Il a hoché la tête, empochant rapidement l'argent. « Compris, madame. »

Je suis sortie de la voiture nauséabonde, le gravier crissant sous mes chaussures usées. Le contraste entre mon apparence minable et le cadre opulent était saisissant, une humiliation calculée conçue pour me rappeler où était ma place. Mais ils avaient mal calculé. Ce n'était pas un rappel de ma perte ; c'était un témoignage de ma survie.

Alors que la berline s'éloignait, j'ai senti le téléphone prépayé vibrer dans ma poche. Un message. C'était Damian.

« Rapport de situation. Où es-tu ? »

J'ai fait une pause, laissant le vent jouer avec les quelques mèches de cheveux qui s'étaient échappées de mon chignon hâtif. Mes yeux ont balayé le manoir, puis se sont posés sur Élias et Kelly, qui m'observaient toujours depuis le perron. Ils ressemblaient à des vautours, attendant patiemment leur proie.

J'ai tapé une réponse rapide, mes doigts étonnamment stables.

« Je viens d'arriver. Le spectacle commence. »

Un instant plus tard, sa réponse est arrivée.

« Timing ? »

J'ai levé les yeux vers le soleil couchant, puis de nouveau vers la maison, un sombre sourire jouant sur mes lèvres.

« Quand la lune sera haute. Ce soir, ils se souviendront de ce qu'ils ont volé. »

Je savais que Damian comprenait.
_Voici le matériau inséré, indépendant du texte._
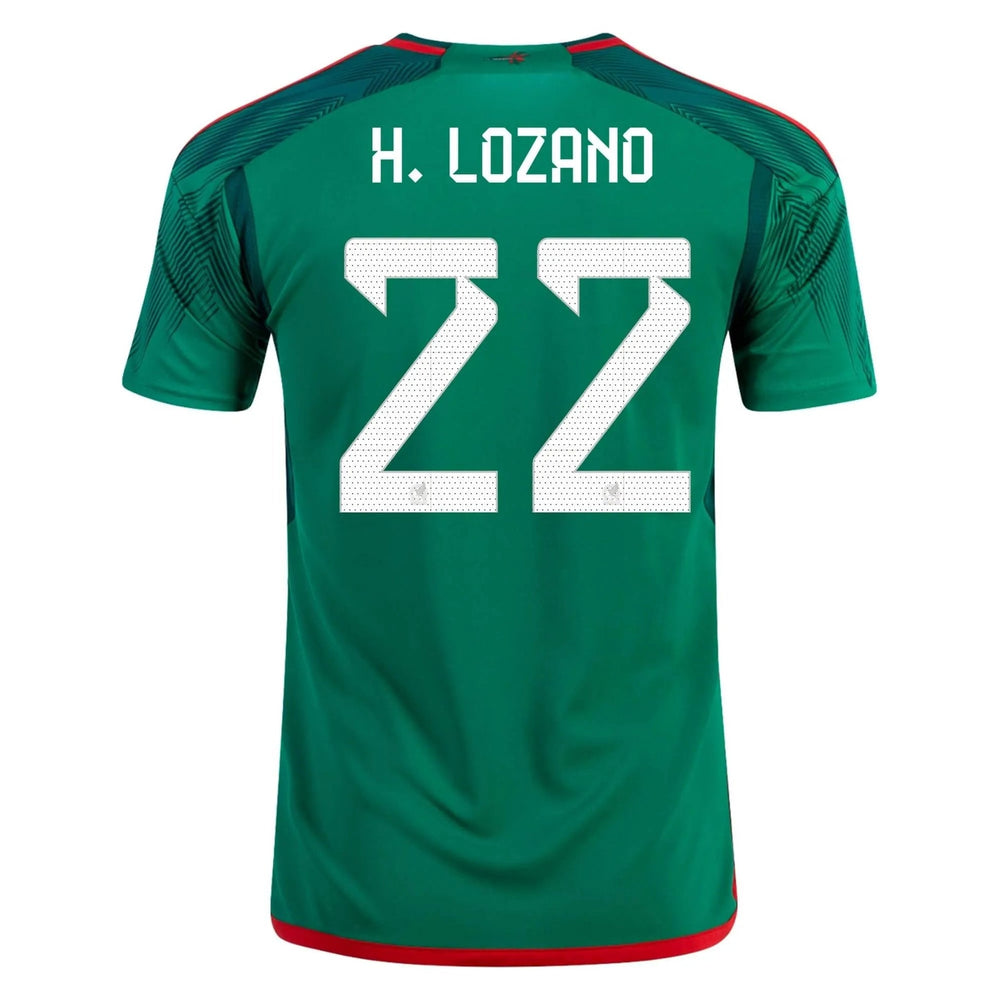 2022-23 Mexico Home Soccer Jersey - Green-Red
Il comprenait toujours. C'est lui qui avait vu à travers ma façade brisée dans l'institution, celui qui avait reconnu le feu sous les cendres. C'est lui qui m'avait aidée à forger ce nouveau moi, cette arme. Ensemble, nous avions méticuleusement planifié chaque étape de cette vengeance.

Ils pensaient m'avoir transformée en une poupée docile. Ils pensaient avoir éteint mon esprit. Mais ils ne m'avaient donné que du temps. Du temps pour guérir, du temps pour apprendre, du temps pour planifier. Ils m'avaient donné une nouvelle vie, construite sur des fondations de rage pure et sans mélange. Et maintenant, ils allaient payer pour chaque instant.

Je me suis dirigée vers la maison, la tête haute, mon visage un masque de résignation lasse. C'était ma scène. Et ce soir, je leur ferais souhaiter m'avoir laissée brûler.